Dataset content »
+ + + +
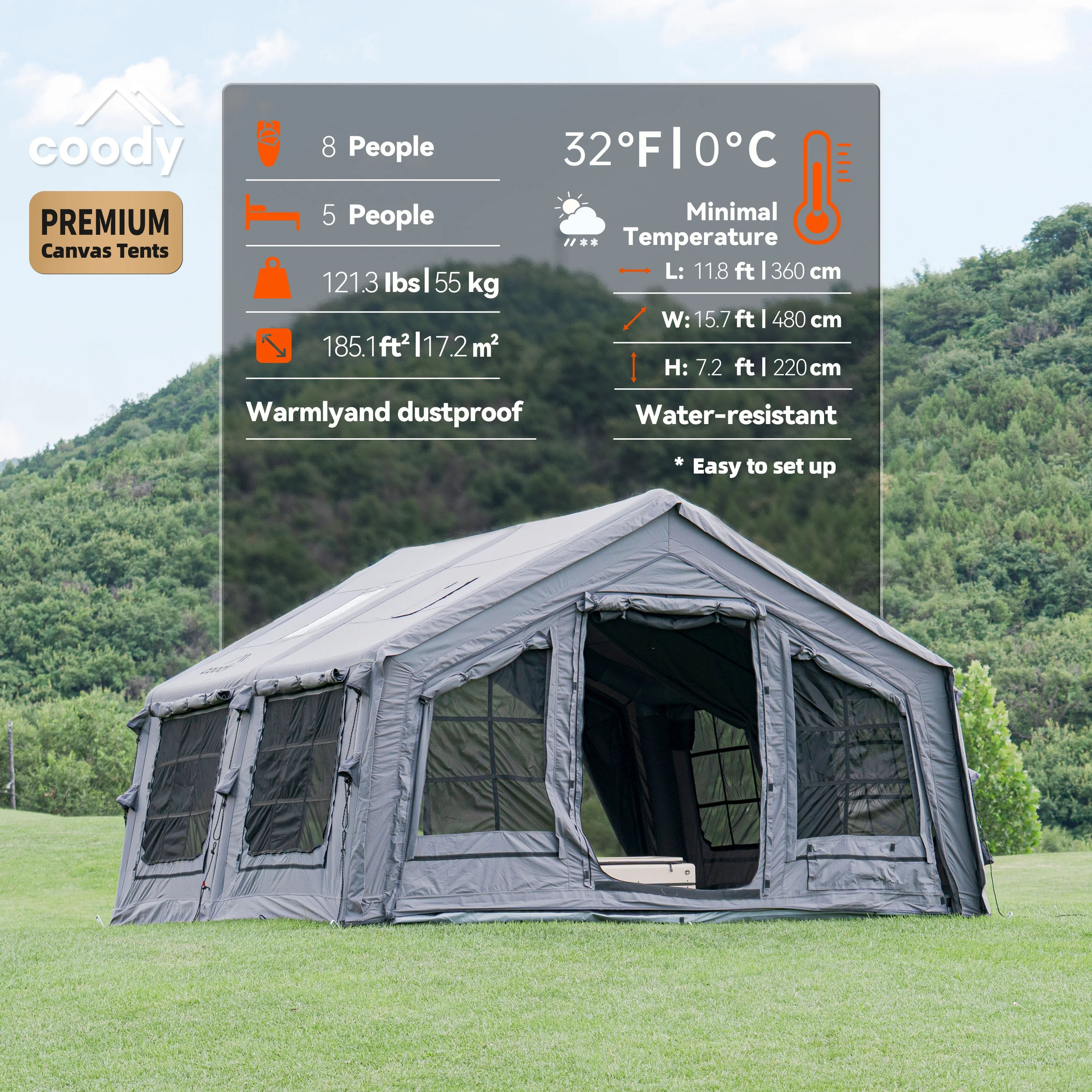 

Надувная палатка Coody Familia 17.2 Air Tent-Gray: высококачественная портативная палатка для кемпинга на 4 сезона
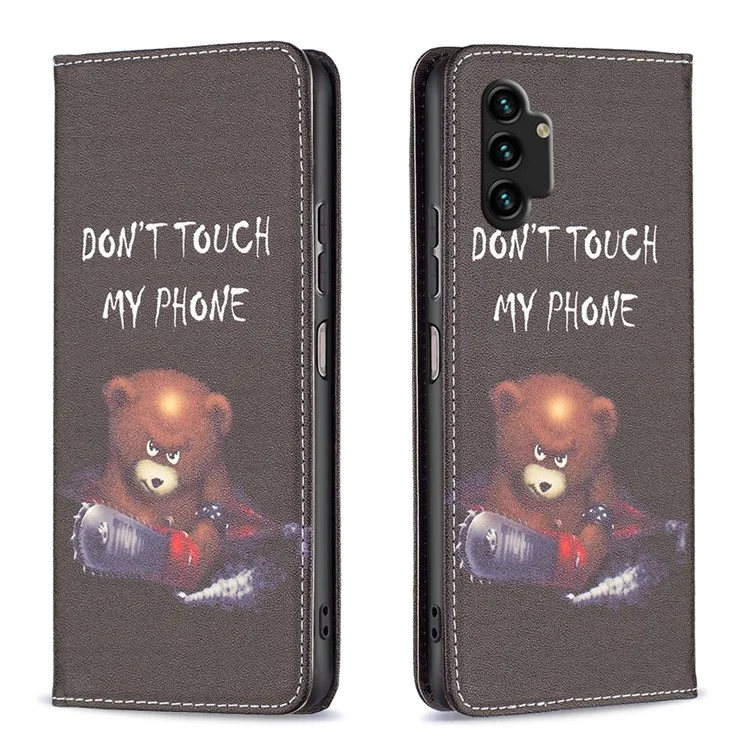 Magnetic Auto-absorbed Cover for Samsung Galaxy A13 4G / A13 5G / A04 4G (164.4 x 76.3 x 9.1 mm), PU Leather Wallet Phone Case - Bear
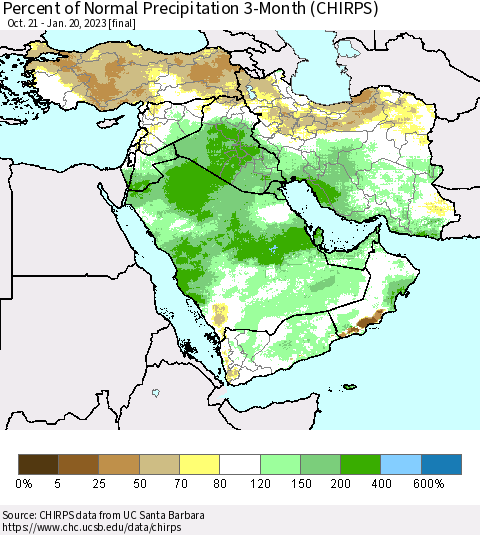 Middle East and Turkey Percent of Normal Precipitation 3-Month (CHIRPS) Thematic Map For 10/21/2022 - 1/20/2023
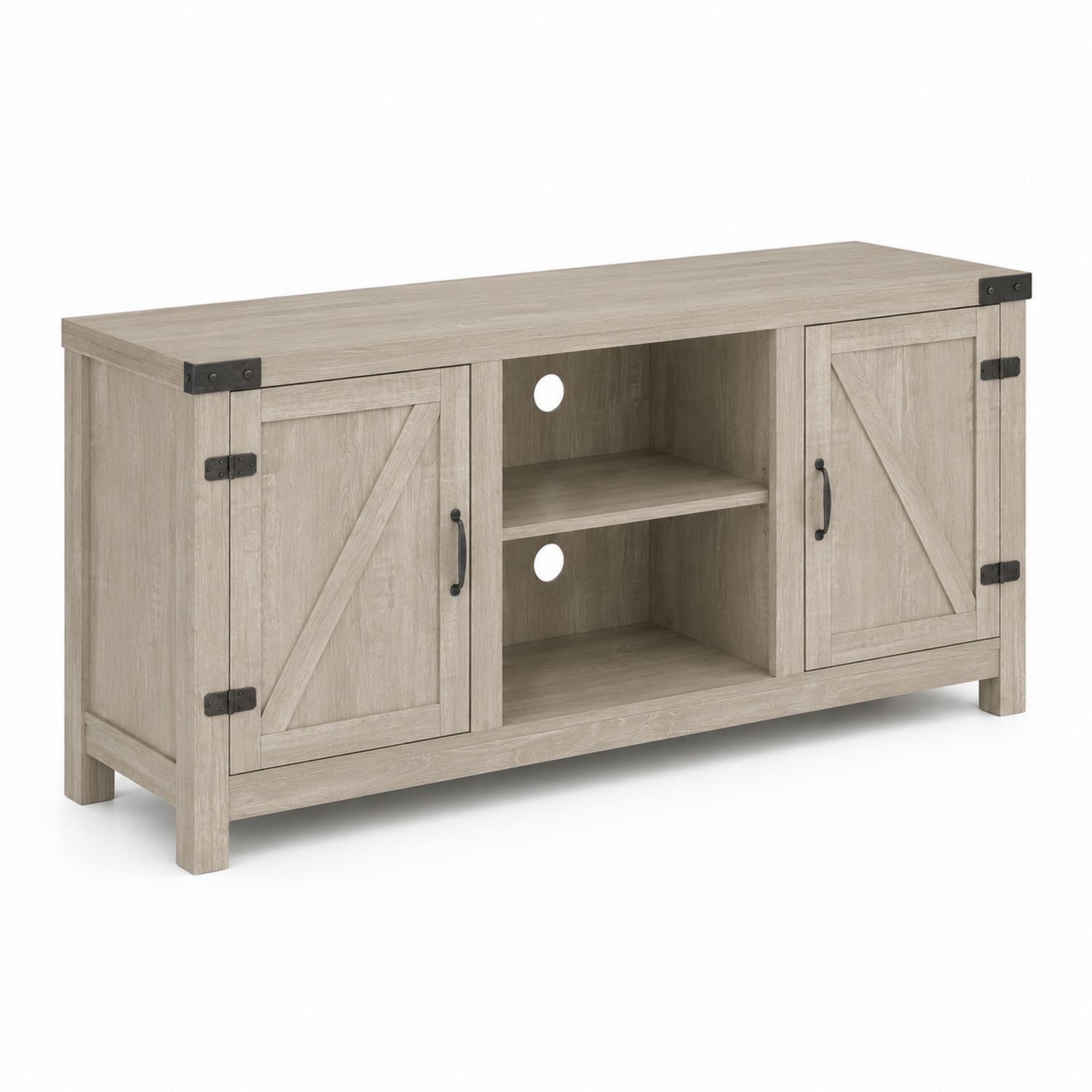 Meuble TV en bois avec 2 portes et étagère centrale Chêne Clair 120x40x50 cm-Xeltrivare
+ + + +
Exercise brief » An exact retyping of the material, minus the pictures, is the required answer.

Solution for this problem »
Надувная палатка Coody Familia 17.2 Air Tent-Gray: высококачественная портативная палатка для кемпинга на 4 сезона
 Magnetic Auto-absorbed Cover for Samsung Galaxy A13 4G / A13 5G / A04 4G (164.4 x 76.3 x 9.1 mm), PU Leather Wallet Phone Case - Bear
 Middle East and Turkey Percent of Normal Precipitation 3-Month (CHIRPS) Thematic Map For 10/21/2022 - 1/20/2023
 Meuble TV en bois avec 2 portes et étagère centrale Chêne Clair 120x40x50 cm-Xeltrivare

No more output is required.